Этому совету Констебл неукоснительно следовал: над его пейзажами и сельскими сценами так и блещет эта яркость раскинувшихся небес, а их драматичные светотени — кьяроскуро, как он их называл, — сотканные из пятен и быстрых мазков разбеленной краски, оживляют пейзаж под ними. «Потемневшее серебро», возможно, напоминает покрытые серебром фотопластинки, и всё же в своей живописи Констебл создавал нечто противоположное невидимой поверхности фотографии: его полотна скорее представляют собой рябь из текстур.

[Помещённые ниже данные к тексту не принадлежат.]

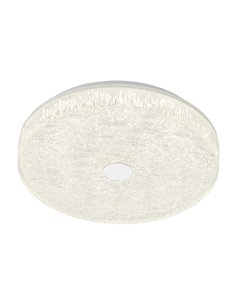 Luminária de teto LED redonda FROZEN, dimerizável, Ø48cm, 45W 5220lm, CTT 2700K-5000K, branca, com controle remoto.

Картину, изображающую летнюю лесную дорожку, которая ведет к полю, и юного пастушка, остановившегося, чтобы попить из ручья, делает великой не столько романтический сюжет — какой бы поэтичной ни была эта сцена, — сколько полноценное описание действительности, мира в самом себе. Мы видим, как умело Констебл выстраивает сложную композицию из света и тени, из цветовых пятен: красный жилет мальчика, желтая полоса тучного поля, идущая чуть наискось, написанные лишь несколькими мастерскими мазками величественные и густые кроны деревьев на фоне серебристого неба. Реальность — это неприлизанность деталей: калитка, повисшая на одной петле, беспорядочные пятна солнечного света повсюду, слегка растрепанные колосья на склоне над головой мальчика, пастушья собака, которая остановилась, подняв голову и навострив уши, и, наконец, мальчик в странной, несуразной позе, прильнувший к ручью — не любуясь своим прекрасным отражением, как Нарцисс, а жадно глотая воду.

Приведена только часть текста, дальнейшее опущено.